Il giovane Balzano racconta il Sud Tirolo nel ventennio fascista

Presentato a Cosenza il libro di "Resto qui"

 

Verso i confini nordorientali con l’Austria, in un estremo della provincia di Bolzano, c’è un paese sommerso. Ma non del tutto. C’è un campanile che sovrasta le acque del lago. Questa è la storia, non proprio conosciuta, di questo pezzo del Sud Tirolo coinvolto in una delle vicende più intricate, complesse e incresciose d’Italia, ovvero il ventennio mussoliniano e il secondo conflitto bellico globale. Il paese si chiamava e si chiama tutt’ora Curon. Marco Balzano, giovane scrittore e professore di liceo, con “Resto qui” (Einaudi), secondo finalista al premio Strega, ha tolto il velo su questa parte di storia italo austriaca. Nel corso di una serata presso la Mondadori di Cosenza, Balzano ha raccontato che prima della marcia su Roma, i fascisti occuparono Bolzano. Qui la comunità, molto istruita, tedesca viene sottoposta al dominio delle camice nere. “Agli abitanti – spiega lo scrittore – viene imposto una regola ferrea: chi conosce l’italiano, si tiene la casa. Chi si tiene il tedesco, perde la casa”.

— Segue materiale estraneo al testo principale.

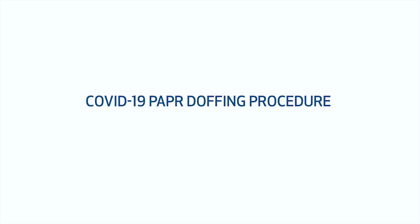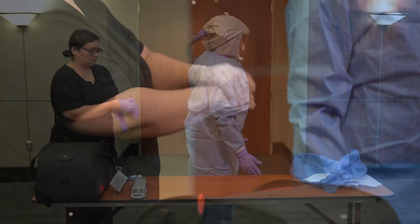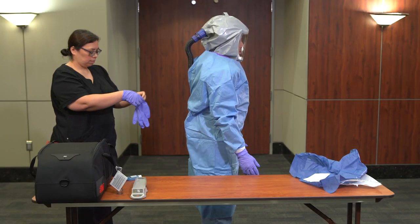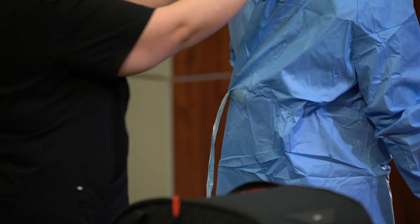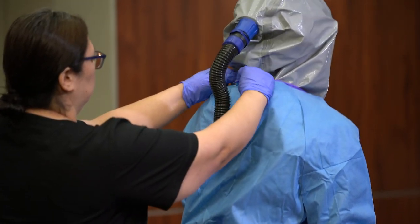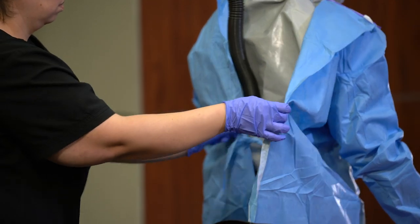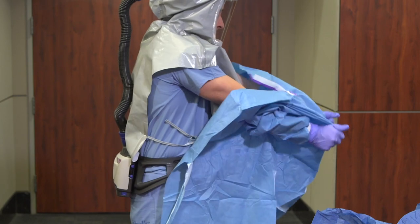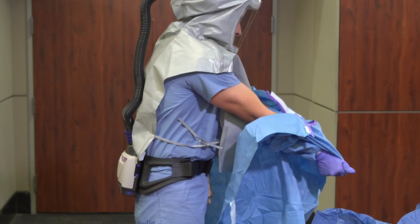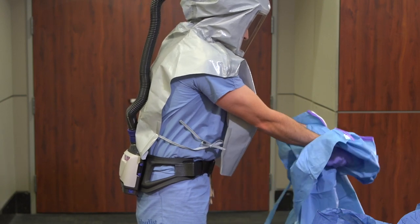Doffing procedure. Doff the gown. The buddy should perform hand hygiene and don gloves. Turn your back to the buddy and ask him or her to unfasten the gown. The buddy should only touch the outside of the gown during assistance with doffing. Grab the gown at the chest and pull forward. Do not bunch or bundle the gown during doffing. Place the gown into a waste container.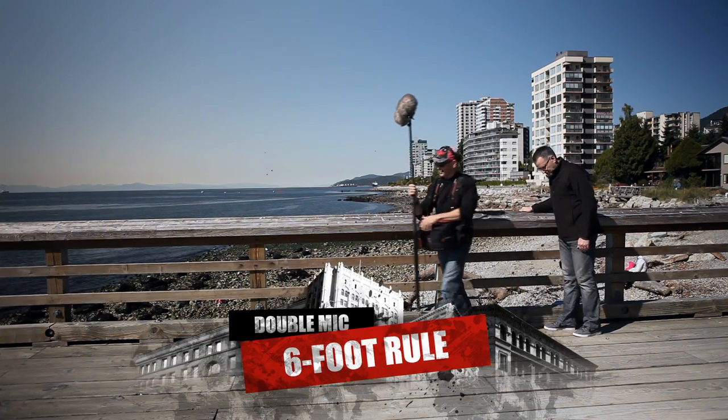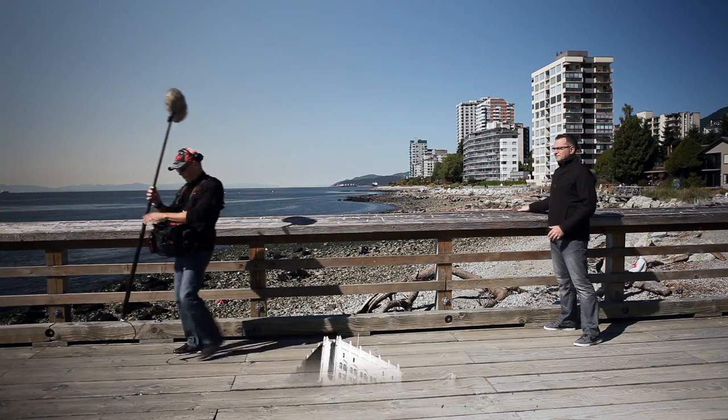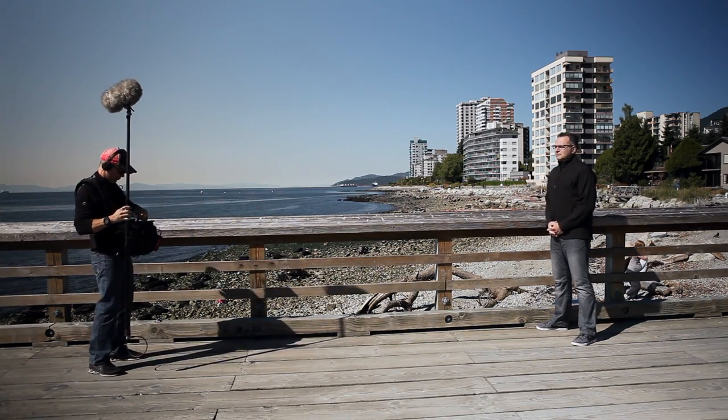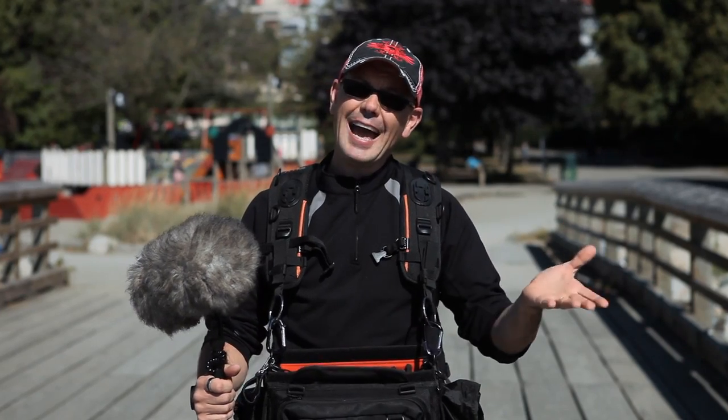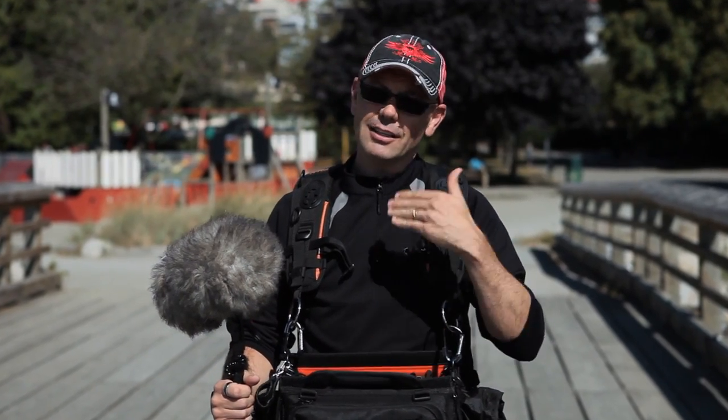When recording wider lens shots with a lavalier, it's good practice to record a separate ambience track with your shotgun at the same time. This shotgun track can be added in post to give the lavalier a little bit more air, less of that sitting-on-your-face type sound.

Ma come si arrivo all’immagine sopra illustrata, del campanile fuori dal lago? La vecchia Curon, paese dove è ambientata la storia del romanzo, era collocata in una vallata. La Montecatini, un tempo società chimica italiana, voleva costruire, come poi ha fatto, una diga che avrebbe comportato, come poi è realmente accaduto, la sommersione del villaggio. Questo libro, tramite le vite, di persone che restano a difesa del piccolo borgo, di Trina (la protagonista), Erich, Michael, padre Alfredo, Mà e Pà (genitori di Trina), è un libro di resistenza politica al nazifascismo. Un libro, che è, anche, un monito a scontrarsi “contro – come dice lo stesso Balzano – quelle zone grigie, che in una democrazia, si vengono a creare nel momento in cui i diritti sono sentiti come un qualcosa di acquisito definitivamente, senza la preoccupazione che essi possano esserci tolti e l’appiattimento dall’azione ne è una conseguenza”. Ma torniamo alla vicenda. L’idea di fare la diga, la Montecatini ce l’aveva da tanto tempo, dall’occupazione della cittadina sudtirolese. Nel mentre si avvicendano le dittature in Italia e Germania, le guerre, prima in Spagna e poi in tutto il mondo, e i lavori subiscono una serie di rinvii. Tant’è che nel dopo guerra, a Curon ci sono poche persone (alcuni torneranno a casa dalla guerra addirittura nel 1951), stanche, vecchie, che non credono più alla costruzione della struttura. La Montecatini riprende i lavori. Una volta ultimati, divulga in italiano l’avviso di sgombero del paese e “aperti i rubinetti gli abitanti di Curon scoprono della costruzione della diga quando si ritrovano l’acqua in casa”. Balzano ha sentito i protagonisti, ancora in vita di quell’accaduto, scoprendo la storia “mentre ero in vacanza con mia figlia. Ho un ricorso tragico – afferma – del campanile, perché vedevo una moltitudine di turisti che facevano la fila in canoa per farsi il selfie. Ho voluto riportare ciò che era sotto, sopra”.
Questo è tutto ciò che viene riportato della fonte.